The new HBO film is a deeply intimate look at Soundcloud rap’s greatest hope and champion, but it doesn’t answer bigger questions

HBO

When Rolling Stone profiled Future in January 2019, he admitted that he had some regrets about the way he’d rapped about drugs in the past. “I was like ‘Oh shit. What the fuck have I done?’” he said. “It really bothered me…. How many other sixth-graders did I influence to drink lean?” Future was talking about a conversation he’d had with the rapper Juice WRLD, who would die of a drug overdose later that year, and who is now the focus of a new HBO documentary, Into the Abyss. It has to be sobering to hear that the younger generation, especially Soundcloud rappers who make dark and drug-infused melodies, are using your music as their inspiration to get high. Juice had said that hearing Future rap about lean had inspired him to take it. Sadly, Juice never lived long enough to have the same kind of reckoning with his drug use.
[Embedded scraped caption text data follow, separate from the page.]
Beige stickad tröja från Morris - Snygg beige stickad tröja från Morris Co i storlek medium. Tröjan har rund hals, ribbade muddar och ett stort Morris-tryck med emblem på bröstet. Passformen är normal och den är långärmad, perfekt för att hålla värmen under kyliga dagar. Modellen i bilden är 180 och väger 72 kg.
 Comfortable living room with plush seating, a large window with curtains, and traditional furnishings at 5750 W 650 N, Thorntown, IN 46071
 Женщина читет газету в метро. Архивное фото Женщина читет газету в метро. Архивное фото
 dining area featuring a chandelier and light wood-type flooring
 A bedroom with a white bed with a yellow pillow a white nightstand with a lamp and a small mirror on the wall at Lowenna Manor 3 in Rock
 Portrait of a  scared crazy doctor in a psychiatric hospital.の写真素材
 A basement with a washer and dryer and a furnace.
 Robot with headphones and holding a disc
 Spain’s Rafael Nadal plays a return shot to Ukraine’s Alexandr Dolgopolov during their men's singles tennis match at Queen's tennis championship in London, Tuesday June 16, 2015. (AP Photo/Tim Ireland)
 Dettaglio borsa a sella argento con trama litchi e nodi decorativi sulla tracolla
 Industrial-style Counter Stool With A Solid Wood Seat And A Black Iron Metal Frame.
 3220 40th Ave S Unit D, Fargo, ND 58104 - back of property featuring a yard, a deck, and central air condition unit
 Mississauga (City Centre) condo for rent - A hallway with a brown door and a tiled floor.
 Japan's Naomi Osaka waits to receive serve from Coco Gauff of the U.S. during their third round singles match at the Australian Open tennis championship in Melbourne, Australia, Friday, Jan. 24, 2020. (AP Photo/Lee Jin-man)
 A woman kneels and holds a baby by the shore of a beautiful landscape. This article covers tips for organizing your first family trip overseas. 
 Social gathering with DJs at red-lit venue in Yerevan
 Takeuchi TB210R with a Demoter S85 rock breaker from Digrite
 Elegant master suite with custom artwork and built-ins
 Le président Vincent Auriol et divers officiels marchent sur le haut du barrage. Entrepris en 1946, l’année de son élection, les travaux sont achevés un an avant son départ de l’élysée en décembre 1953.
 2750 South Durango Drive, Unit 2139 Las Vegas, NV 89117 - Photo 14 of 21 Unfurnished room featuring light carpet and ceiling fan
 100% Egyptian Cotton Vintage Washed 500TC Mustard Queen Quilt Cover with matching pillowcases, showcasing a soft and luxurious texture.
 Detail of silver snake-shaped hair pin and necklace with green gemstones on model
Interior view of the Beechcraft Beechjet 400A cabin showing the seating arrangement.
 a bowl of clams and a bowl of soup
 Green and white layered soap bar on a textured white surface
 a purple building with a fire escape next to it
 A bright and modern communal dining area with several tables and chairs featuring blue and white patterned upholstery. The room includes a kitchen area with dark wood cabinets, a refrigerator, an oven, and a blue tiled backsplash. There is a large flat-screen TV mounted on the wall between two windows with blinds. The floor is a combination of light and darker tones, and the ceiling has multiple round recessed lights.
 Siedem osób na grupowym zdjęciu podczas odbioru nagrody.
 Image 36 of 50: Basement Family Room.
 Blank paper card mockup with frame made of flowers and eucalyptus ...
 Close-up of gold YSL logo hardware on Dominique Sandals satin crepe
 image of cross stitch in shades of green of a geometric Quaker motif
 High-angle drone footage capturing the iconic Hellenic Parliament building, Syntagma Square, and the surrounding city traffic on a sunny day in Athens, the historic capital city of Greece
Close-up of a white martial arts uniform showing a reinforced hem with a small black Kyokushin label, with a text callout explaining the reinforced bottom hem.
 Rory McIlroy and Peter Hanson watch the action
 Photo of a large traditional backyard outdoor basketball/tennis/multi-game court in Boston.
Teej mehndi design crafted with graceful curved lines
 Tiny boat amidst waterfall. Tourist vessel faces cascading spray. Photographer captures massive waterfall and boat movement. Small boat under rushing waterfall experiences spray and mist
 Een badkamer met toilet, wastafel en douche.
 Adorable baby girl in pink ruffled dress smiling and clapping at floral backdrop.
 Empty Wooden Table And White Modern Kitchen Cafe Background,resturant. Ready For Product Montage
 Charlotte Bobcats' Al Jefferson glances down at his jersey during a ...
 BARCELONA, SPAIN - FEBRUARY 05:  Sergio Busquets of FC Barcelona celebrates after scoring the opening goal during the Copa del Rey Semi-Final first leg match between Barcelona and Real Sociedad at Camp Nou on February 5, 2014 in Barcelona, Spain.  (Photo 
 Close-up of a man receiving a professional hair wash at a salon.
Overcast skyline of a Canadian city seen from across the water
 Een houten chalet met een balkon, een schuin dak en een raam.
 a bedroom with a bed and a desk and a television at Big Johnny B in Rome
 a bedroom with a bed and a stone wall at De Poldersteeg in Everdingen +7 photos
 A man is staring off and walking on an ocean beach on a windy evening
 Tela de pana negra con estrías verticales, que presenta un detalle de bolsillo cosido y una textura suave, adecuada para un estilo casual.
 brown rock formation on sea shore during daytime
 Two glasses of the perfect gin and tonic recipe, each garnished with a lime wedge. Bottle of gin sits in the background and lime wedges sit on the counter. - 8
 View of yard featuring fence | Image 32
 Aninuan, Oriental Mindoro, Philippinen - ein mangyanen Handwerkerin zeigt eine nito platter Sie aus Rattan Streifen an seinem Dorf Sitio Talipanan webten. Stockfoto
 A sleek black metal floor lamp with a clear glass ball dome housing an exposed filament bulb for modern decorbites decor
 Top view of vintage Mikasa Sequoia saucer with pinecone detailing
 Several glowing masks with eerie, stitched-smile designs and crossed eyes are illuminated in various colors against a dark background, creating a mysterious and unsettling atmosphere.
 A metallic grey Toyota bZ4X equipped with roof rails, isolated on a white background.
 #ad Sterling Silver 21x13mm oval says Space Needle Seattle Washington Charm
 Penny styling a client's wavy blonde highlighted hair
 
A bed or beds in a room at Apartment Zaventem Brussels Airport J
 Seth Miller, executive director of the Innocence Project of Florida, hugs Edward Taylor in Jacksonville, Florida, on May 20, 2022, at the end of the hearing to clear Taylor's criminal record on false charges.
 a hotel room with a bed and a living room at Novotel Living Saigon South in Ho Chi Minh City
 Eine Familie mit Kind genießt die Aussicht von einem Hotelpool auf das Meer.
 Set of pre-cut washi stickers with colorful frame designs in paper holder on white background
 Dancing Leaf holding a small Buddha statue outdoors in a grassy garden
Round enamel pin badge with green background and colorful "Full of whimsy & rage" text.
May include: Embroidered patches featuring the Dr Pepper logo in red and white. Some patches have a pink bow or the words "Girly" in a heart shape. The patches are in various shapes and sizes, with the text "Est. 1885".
Into the Abyss, which is part of HBO’s Music Box series and directed by Tommy Oliver, follows Juice WRLD from the recording of his album Death Race for Love to his death at age 21 from an accidental overdose of codeine and oxycodone. It shows you why Juice was the leading figure of Soundcloud rap’s pugnacious movement; it also shows the seeds of his downfall.

To be clear, the movie is about a lot more than Juice’s drug use. It’s a peek behind the curtain at the life of a budding superstar, showing the respect Juice had from older figures — at one point Young Thug calls him, and it looks like they have a genuine rapport already — and his down-to-earth personality. And he has love around him; rarely is Juice without friends, managers, and his girlfriend Ally. The visual style, free-flowing and light on talking heads, gives the film a level of authenticity that feels lived-in. The visuals do the explaining for you, allowing you to come up with your own thoughts and conclusions.

Juice was Soundcloud rap’s greatest hope and champion, someone who could cross over with his pop sensibilities, innate freestyle ability, and magnetic voice. Despite not being above a trite bar, like the only thing on his iPod growing up was Blink-182, he had a natural charisma and love of the camera that endeared him to fans. Into the Abyss shows his limitless ability to freestyle entire songs. The first scene is a three-minute freestyle that ends with “Nobody ever felt the pain I felt/So I share it, put it out in the world, I’m not embarrassed.” In one freestyle, he name drops Tupac and Nas. Some rappers are making pop punk and latching onto hip-hop as a way to gain more streams. Juice was hip-hop through and through, and used his chameleonic capacity to his benefit. The documentary shows all sides of his musicality. At one point, he says, “I grew up on rock, rap, and heavy metal/Now I got my pedal to the metal.” You believe him.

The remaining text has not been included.